The pool at Te Huruhi Primary School has been closed all summer and the opening date remains uncertain.
School board of trustees chairperson Kevin Glover says repairs that were meant to take place during the summer holidays have been delayed, due to poor weather slowing down the contractor’s work schedule.
The pool was meant to be ready to use from 1 February when children returned to school, but could still be closed for several weeks.
Although it’s “disappointing” that the pool is not currently available for the island’s children to learn to swim in, repairs on cracks in the bottom of the pool need to be carried out, says Mr Glover.
“There were some pretty big cracks. We had them assessed and decided we needed to do some serious work on it, rather than just papering over the cracks.
“We wanted to do the job properly,” he says.
The school wants the pool to be opened as soon as possible, because it is usually used by its pupils and students from Waiheke Primary School for lessons in February.
The pool closure has also been disappointing for Swimgym Waiheke, which usually offers public swimming lessons and training for competitive swimmers between November and April.
More than 400 children aged from babies to teenagers take Swimgym classes on the island each year and Swimgym also runs lessons for the island’s primary school students.
Plans to run free Whanau Nui water safety courses and boot camps have also had to be abandoned.

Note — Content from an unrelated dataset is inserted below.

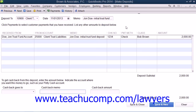The first transaction that we will cover is making a deposit of client funds into the client's trust account. You should review the lesson on Making Deposits in Chapter 10 of the Introductory QuickBooks Manual if you need to review the process.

Swimgym Waiheke teacher Cara Tahapehi says the lack of a pool on the island so far this summer demonstrates the urgent need for a new community pool for the island.
“There are going to be ongoing issues with Te Huruhi Primary’s pool, because it’s past its lifespan,” she says.
Mrs Tahapehi would love to see a covered pool built on the island, so that swimmers could take lessons and train all year round, but says a less expensive pool that could be used from October to April would fill a serious need in the community.
While swimming lessons are important to prevent drowning, they also improve children’s independence and self-confidence, and swimming can be important in older people’s rehabilitation, health and wellbeing, she says.
About 25 competitive swimmers who usually train daily at the school pool have been waiting for it to open, but are now likely to start training at the Tepid Baths in Auckland city.
“It’s expensive, so they can only go once a week.
“They won’t be competing this year – it’s such a shame,” says Mrs Tahapehi.